Nothing But Delivery

E-crime and cyber security provided the theme for Scotland’s leading legal IT conference this year. The focus for the main speakers at the ninth annual Nothing But The Net conference was on the latest threats facing businesses, and how to tackle information security challenges. The revised format of the event – with generous time allocated to the keynote speakers and streamed workshop sessions – again proved popular, evidence that we listen to feedback from delegates and tailor the programme accordingly.

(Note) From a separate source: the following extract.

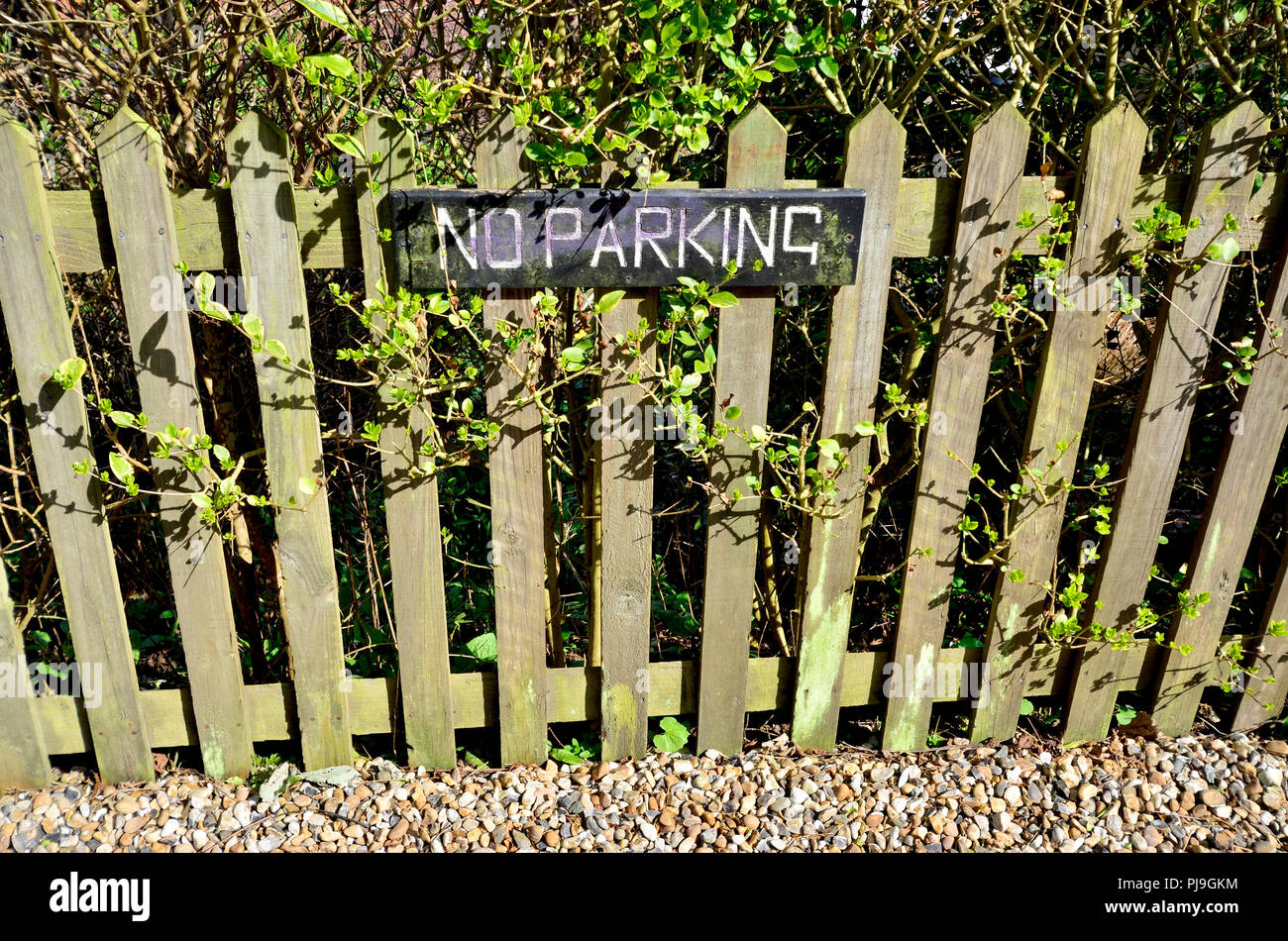 No Parking sign on a garden fence next to a roadLoose Village, Maidstone, Kent, UK. Stock Photo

The keynote speaker, Ira Winkler, President of the Internet Security Advisors Group, flew in from the United States to attend the conference, which was held in Glasgow on 7 October. Winkler, a former undercover security analyst with the National Security Agency, now works with governments and major corporations to help them uncover potential security breaches, as well as assisting organisations in developing cost effective security programs.

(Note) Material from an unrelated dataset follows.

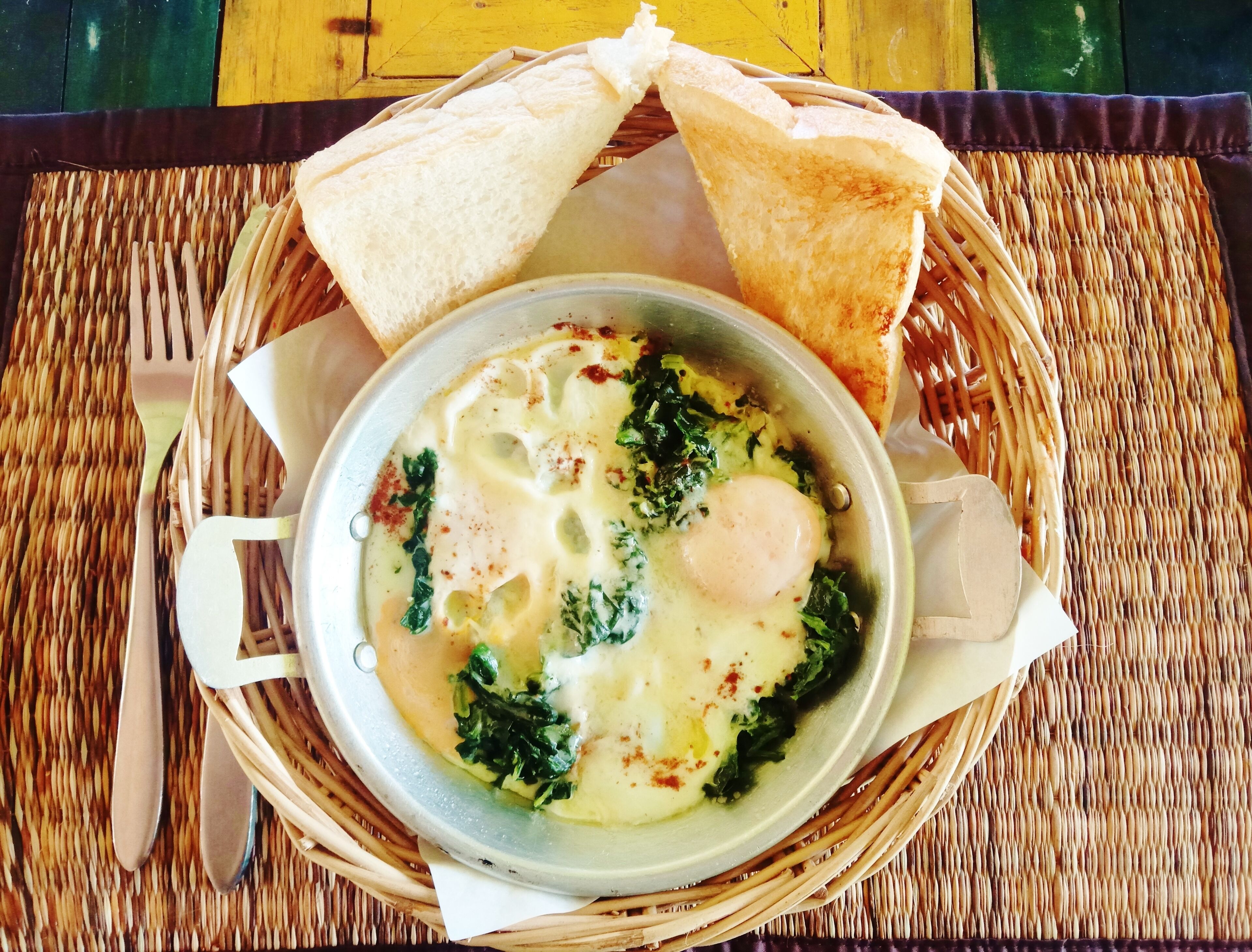 A bowl of soup with a poached egg, spinach, and a slice of toast on a woven mat.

Described as a “modern day James Bond” in the media because of his unique approach to his work – including espionage simulations and “breaking in” to organisations’ systems to highlight their flaws (known as penetration testing) – Winkler did not disappoint the 100 or so delegates present. His presentation, “Zen and the Art of Cyber Security”, drew attention to the fact that many of those concerned with cyber security have a false sense of knowledge about the work. He stressed that security is complicated, expensive and there is a lack of qualified people to provide the appropriate expertise to businesses. And the professionals that do exist may specialise in one area of work, while being weak in others. It is a situation that gives organisations a false sense of security – and could prove extremely costly.

However, he emphasised that security problems are preventable, if computer systems are properly maintained and administered and the right people are in place. Concentrating on the basics, addressing the most common vulnerablities and training staff appropriately are all crucial, he added. His conclusion: security should be “built in, not bolted on”. Winkler’s presentation was practical rather than legalistic. In other words, it was a breath of fresh air for all those present.

Avoidable problems

The first afternoon speaker was Detective Sergeant Scott Barnett, from the Scottish Crime and Drugs Enforcement Agency, who looked at developments in cyber crime. He explained how organised crime groups use fraudulent methods such as identity theft, phishing attacks (to gain personal details by deception) and denial of service (overloading a site with traffic to bring it down). He also warned of the threats from spam, viruses, other malware and even social networking sites. However, he also underlined the fact that problems are avoidable if computer systems are properly protected, not least with anti-virus software, firewalls and by downloading the latest security updates (or patches) for web browsers and operating systems.

Also in the afternoon session, Ken Macdonald, the Assistant Information Commissioner in Scotland, focused on the forthcoming changes to the data protection regime, which are likely to include increased penalties for those who obtain data unlawfully. He said that data protection officers would become increasingly important in organisations, which will find they must “comply or die”. Later, Ted Page, from PWS Ltd, gave an address on “Legal Sector Website Accessibility”, which questioned whether it would be the stick of regulation or the carrot of the associated business benefits that persuades legal sector website operators to comply with the requirements of the Disability Discrimination Act.

The workshops and discussion forums covered a wide range of fascinating subjects, such as John Butler, from Edinburgh-based Geode Forensics Ltd, describing the “very unglamorous, sheer slog” of digital forensics – a specialism that was practically unknown 20 years ago – in which “X never, ever marks the spot”. Other sessions focused on topics such as the benefits of embracing technology to reduce storing through electronic filing; how adopting a creative approach to e-business can boost business; the importance of disaster recovery; intellectual property rights in the digital age; developing corporate social responsibility; Voice Over IP in the modern law firm; remote working; and, controlling telecom and utility costs.

Our thanks go to the sponsors, with Ron Macfarlane, national sales manager for Dacoll, describing Nothing But The Net as the “only event that delivers for the key decision makers in the legal profession in Scotland in a single day”. He also offered some practical advice, reminding solicitors that security is not only about the high profile cases, but includes how data is stored and what reliable backup solutions are in place. Once again, the exhibition was a major feature of the day, with 23 exhibitors taking part.